Let op: de website is verhuisd naar fritsvanderwaa.nl

de Volkskrant, Kunst & Cultuur, 24 april 2010

Alice en Leopold

Geen aangename ervaring om als kind tot hoofdpersoon gebombardeerd te worden. Christopher Milne, die model stond voor Christopher Robin in Winnie the Pooh heeft een boekje opengedaan over hoe verschrikkelijk het is je leven lang publiek bezit te zijn. Hoe moet het Alice Liddell dan wel niet vergaan zijn, het meisje dat Lewis Carroll inspireerde tot dat nog veel beroemdere Alice in Wonderland?

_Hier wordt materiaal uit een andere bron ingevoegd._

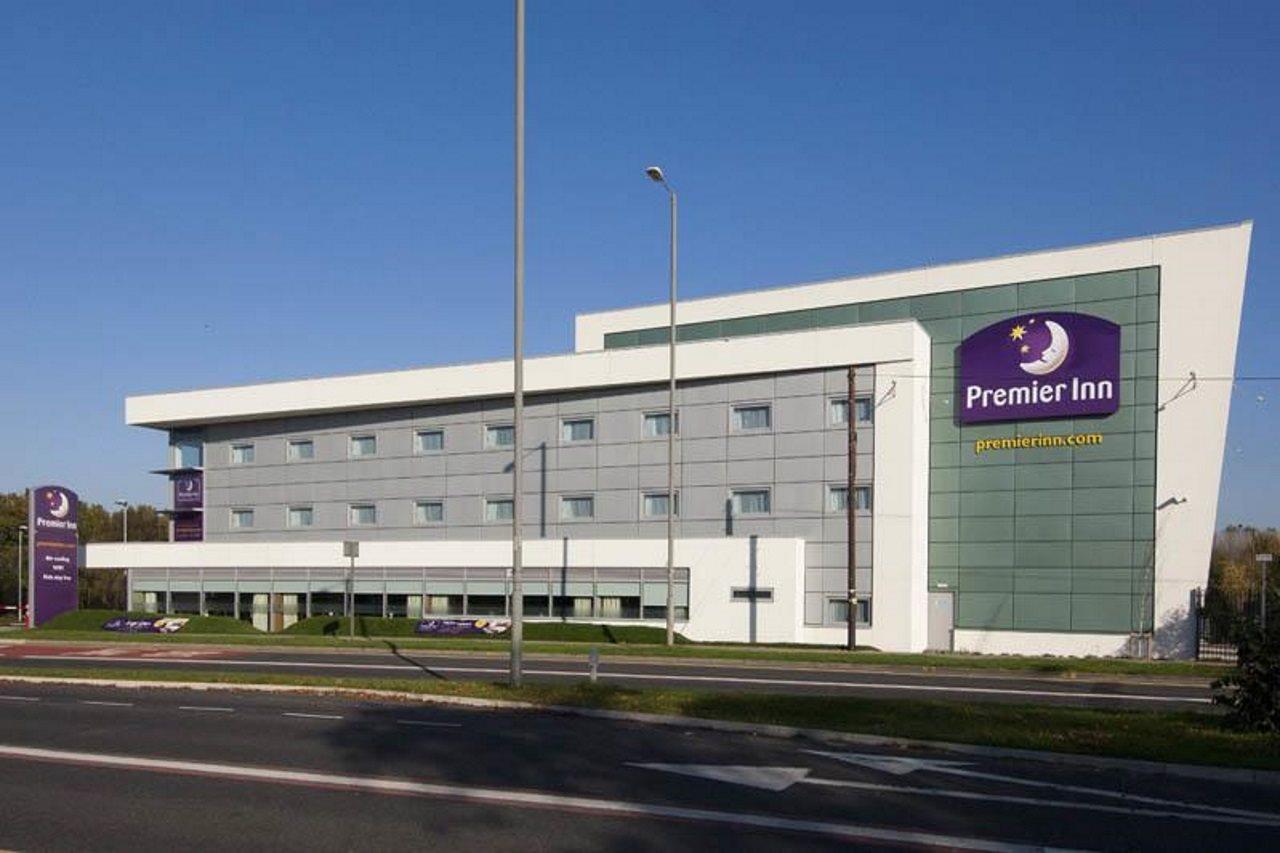 Premier Inn Liverpool John Lennon Airport 斯皮克 外观 照片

Dat weten we niet. Voer voor de verbeelding dus. De Amerikaanse schrijfster Melanie Benjamin heeft het gegeven nader uitgewerkt in Ik was Alice, waarin ze Alice als oude dame laat terugblikken op haar leven. Hoewel Benjamin zich heeft verdiept in het onderwerp, komt de relatie tussen Alice en Dodgson niet echt uit de verf. De personages keuvelen maar door, en haar portrettering van de schrijver blijft te veel steken in het clichébeeld van de vriendelijke stamelaar. Het antwoord op de belangrijkste vraag – waarom het tot een verwijdering kwam – houdt de schrijfster bovendien op kunstmatige manier achter tot het eind van het boek.

Curieuzer is het middendeel, waarin Dodgson buiten beeld raakt en zich een romance ontwikkelt tussen Alice en prins Leopold, de jongste zoon van koningin Victoria. Op het eerste gezicht lijkt het ongeloofwaardig, maar er zit een kern van waarheid in. De twee hebben elkaar in elk geval gekend, en later noemde Alice een van haar zoons 'Leopold' terwijl de dochter van de prins 'Alice' heette – dat is toch wel erg toevallig.

Gevoegd bij het feit dat Alice, die later trouwde met Reginald Hargreaves, twee van haar drie zoons verloor in de Eerste Wereldoorlog, bevat haar levensverhaal stof te over voor een boeiend verhaal. Dat heeft Benjamin goed gezien. Het is jammer dat het boek uiteindelijk niet ontstijgt aan de sfeer van een vlot geschreven damesroman.

Melanie Benjamin: Ik was Alice. Uit het Engels vertaald door Erica Feberwee. Orlando; 400 pagina's; € 15,-. ISBN 978 90 229 5970 1.